◆ Work to complete ◆
Leave out the pictures, and retype the remaining data exactly.

(Records drawn from a dataset)
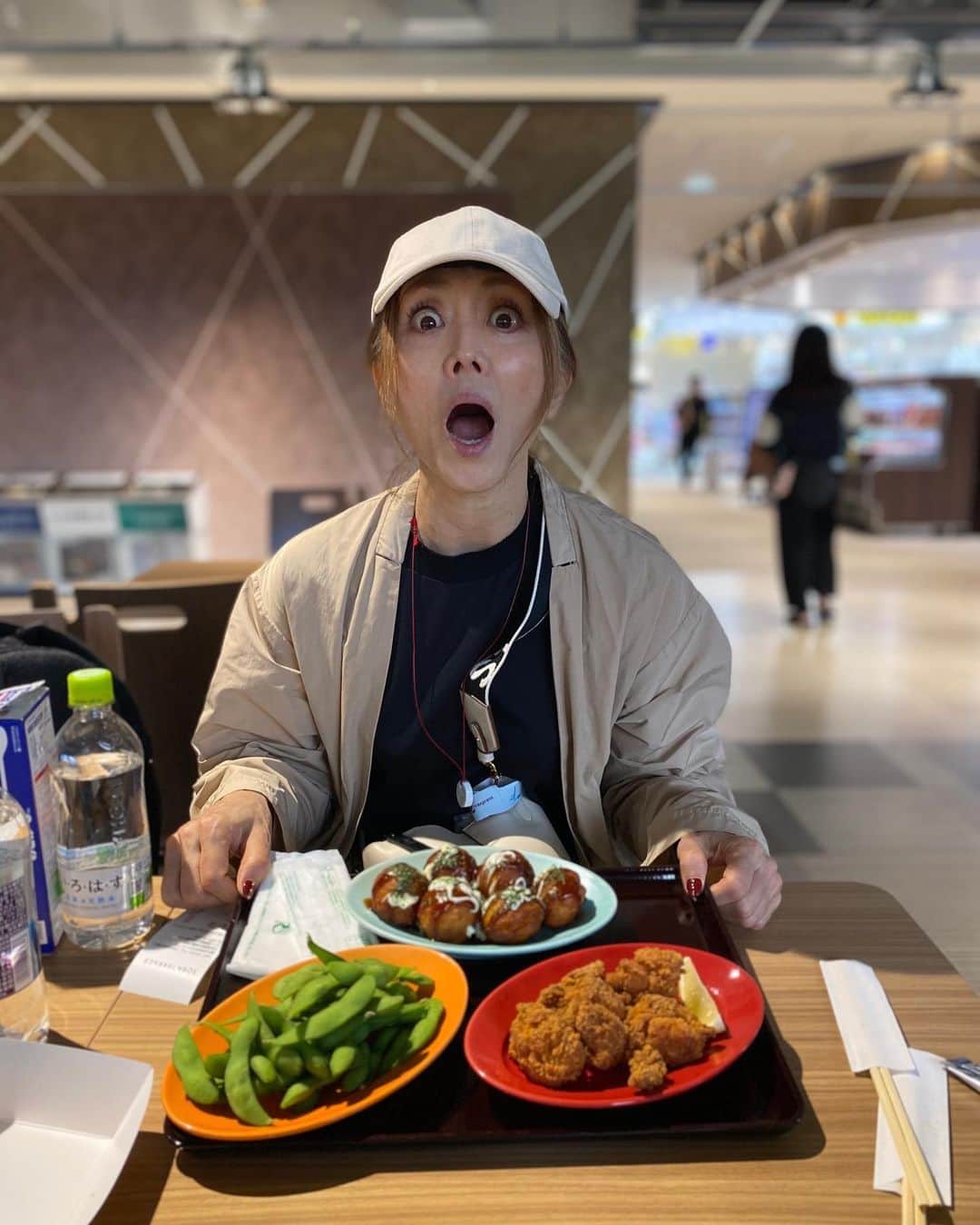 熊谷真実さんのインスタグラム写真 - (熊谷真実Instagram)「ジャンクな夕食  これはまたこれで美味しい。  さて 行ってきます  #熊谷真実 #久しぶりの海外旅行 #行く先は #どこかな」10月13日 17時37分 - mami_kumagai310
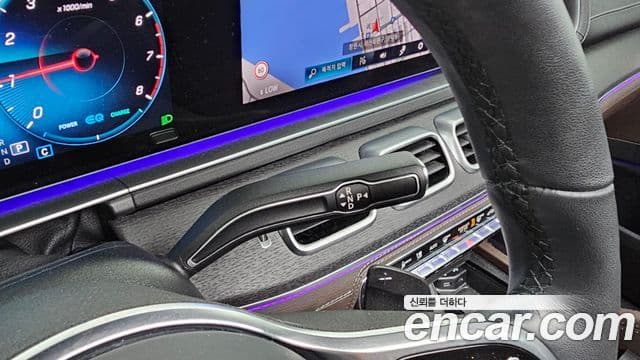 Mercedes-Benz GLE-Class 2023 — Şəkil 9/20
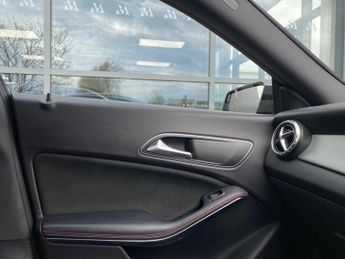 Mercedes-Benz CLA 2.1 CLA220d AMG Line Night Edition Coupe 7G-DCT Euro 6 (s/s) 4dr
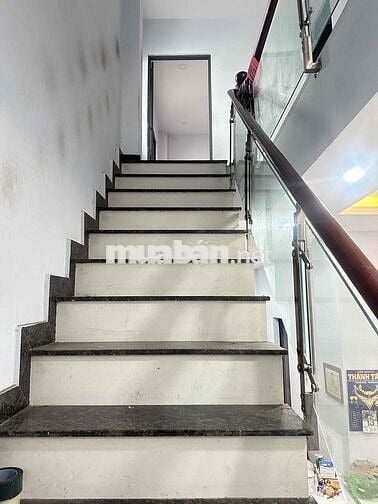 BÁN NHÀ GÓC 3MT- 4 TẦNG- BÙI VĂN BA- DTSD 140M- 5 CĂN TRỌ- GIÁ 11 TỶ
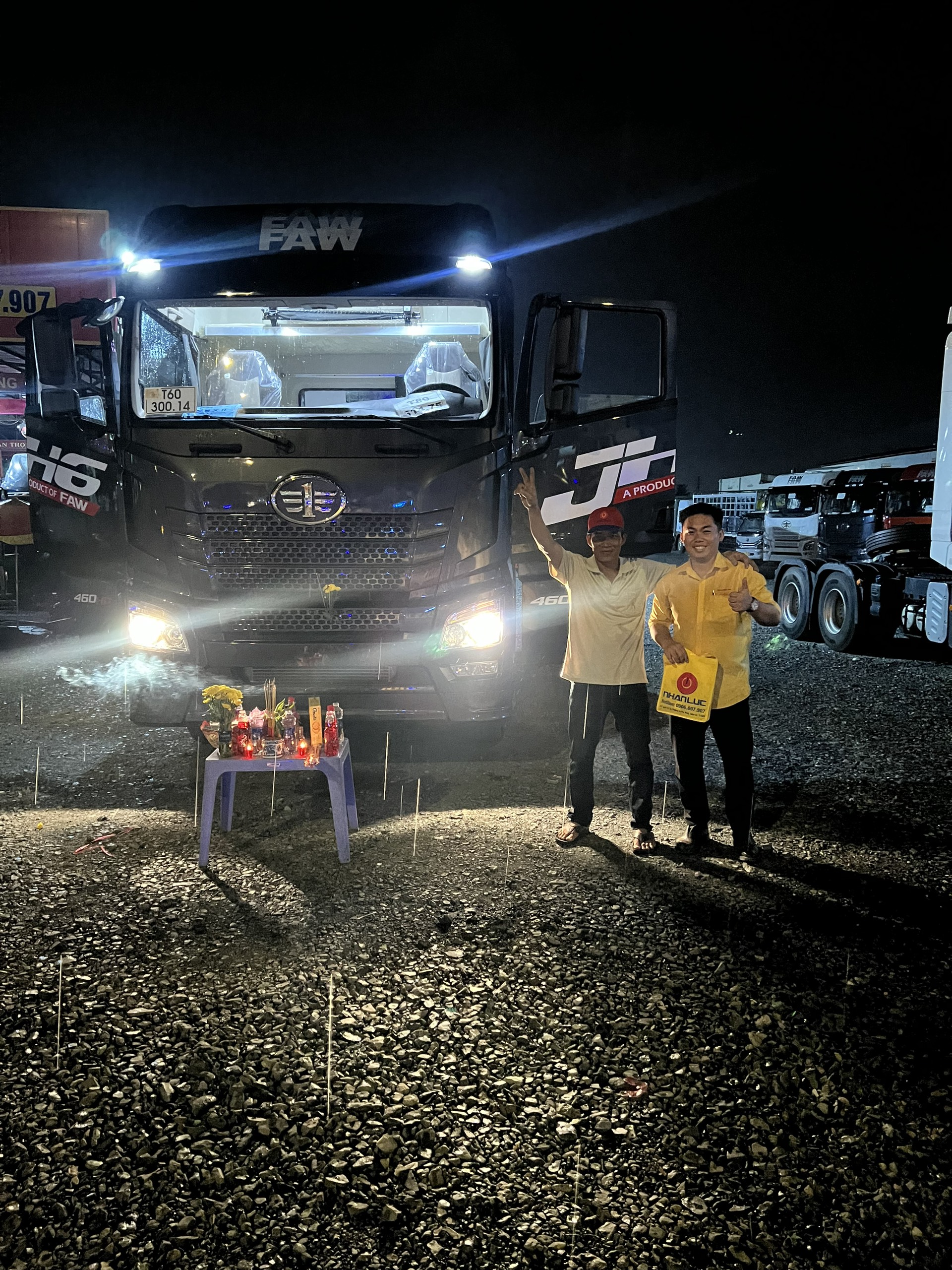 Đầu Kéo FAW JH6 460HP Đầu Tiên Về 76 Quảng Ngãi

◆ Solution for this task ◆
 熊谷真実さんのインスタグラム写真 - (熊谷真実Instagram)「ジャンクな夕食  これはまたこれで美味しい。  さて 行ってきます  #熊谷真実 #久しぶりの海外旅行 #行く先は #どこかな」10月13日 17時37分 - mami_kumagai310
 Mercedes-Benz GLE-Class 2023 — Şəkil 9/20
 Mercedes-Benz CLA 2.1 CLA220d AMG Line Night Edition Coupe 7G-DCT Euro 6 (s/s) 4dr
 BÁN NHÀ GÓC 3MT- 4 TẦNG- BÙI VĂN BA- DTSD 140M- 5 CĂN TRỌ- GIÁ 11 TỶ
 Đầu Kéo FAW JH6 460HP Đầu Tiên Về 76 Quảng Ngãi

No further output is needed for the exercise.